Scripting in D&D can be summarized as the creation of text used to set the scene and action for a group of players, or to progress or discover additional plot data.  You can use script blocks when describing the beginning of a battle or an area that the players have just entered into, this is commonly refereed to as ‘Flavor Text’.  Scripting is also very often used when developing a plot line, such as:

The burning village glowed a hellish red against the stormy night sky, plumes of grey smoke adding to the already turbulent sky.  A crash of thunder crackled through the night and a flash of lightning illuminated a solitary figure standing in the road.  With a groan the figure falls to the ground near your feet, their clothes still smoking from the inferno.  In a whistle of breath from burned, cracked lips they gasp out “O-orcs…” and extends a trembling hand clutching a scrap of bright blue cloth.

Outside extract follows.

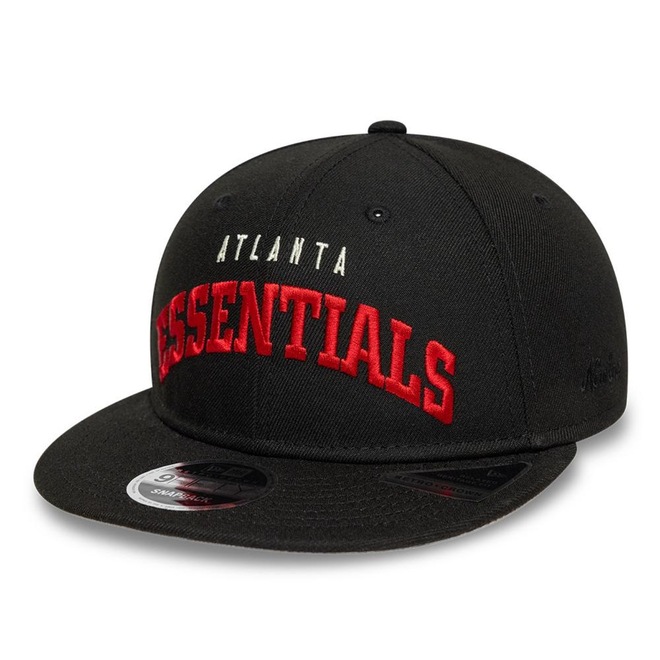 Boné New Era 9Fifty RETRO Crown Atlanta Falcons NFL Masculino - Foto 1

So, now we know that the village was burned by orcs who wore a blue uniform, and it’s up to the party to hunt them down.  Now, again, that is just one example of scripting and in this instance it is used properly.  Now and improper use of scripting would be using your DM storyteller powers for evil, such as those fantastic moments in action and sci-fi moves where the villain is engrossed in their monologue and the protagonist just stands there and listens.  That is improper scripting.  Unless your players are actually powerless, never make it seem like they cannot interact with a scene.  If you get stopped in the middle of your Emmy-worthy diatribe about how evil this awful person is because your wizard throws a fireball at their head, well that’s what happens.  Roll initiative.

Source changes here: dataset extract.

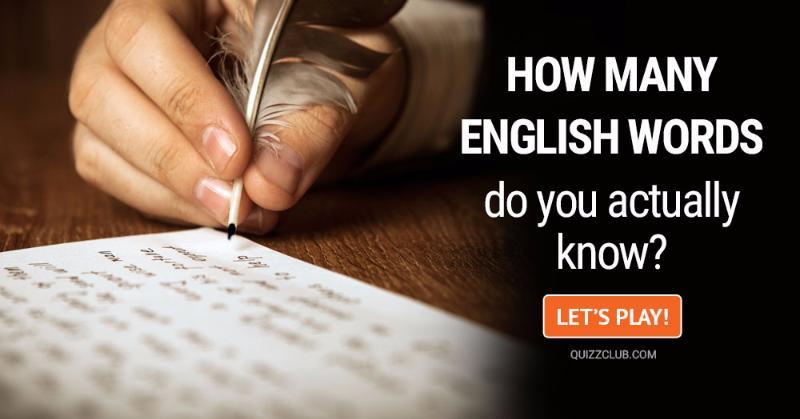 language Quiz Test: How well do you know the origins of English words?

Now there are also times when you want to make something cinematic and only flavor text will let you do it.  That’s fine too, just be careful not to deus ex the game by forcing your players to sit through something like a main NPC being killed or a ritual coming to fruition.  Once you’re in the game, it no longer is just a bunch of words, but a living, changing story.  Save your scripting for narratives and landscapes, not boss fights.


~ by darkpatu on September 20, 2011.

3 Responses to “When should you script a scene? #dnd”

  1. great blog! thanks for the follow. pipes, scotch and DMing are my 3 favorite things ever. good job.

  2. My very first 3.5 game was ran by a DM, who I felt had nothing but scripted events and the non interacting kind either. It only added to the feeliing that my character was more of a npc than a main character in a story. I have come a few people who are very similar styles. They wonder why people don’t stay long in the campaign…

    • Those kinds of DMs are the worst. you enter the room and see the villain with his sacrifice tied to a table. “You’re too late!” He cries, holding his dagger high. “The stars are aligned and my power shall soon be complete!” He strikes with the dagger and yadda yadda you lose the adventure You could have killed him five times before he did shit the way he was talking. Regrettably some people think this makes the game more ‘dramatic’. In other words ‘the-way-they-want-it-to-go’.